* About this exercise: Return the full listing, so that each line matches the original exactly.

* Supplied data:

*** Block opens ***

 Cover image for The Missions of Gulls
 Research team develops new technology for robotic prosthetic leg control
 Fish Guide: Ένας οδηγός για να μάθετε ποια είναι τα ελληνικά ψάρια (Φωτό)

*** Block closes ***

* Result of this task:
 Cover image for The Missions of Gulls
 Research team develops new technology for robotic prosthetic leg control
 Fish Guide: Ένας οδηγός για να μάθετε ποια είναι τα ελληνικά ψάρια (Φωτό)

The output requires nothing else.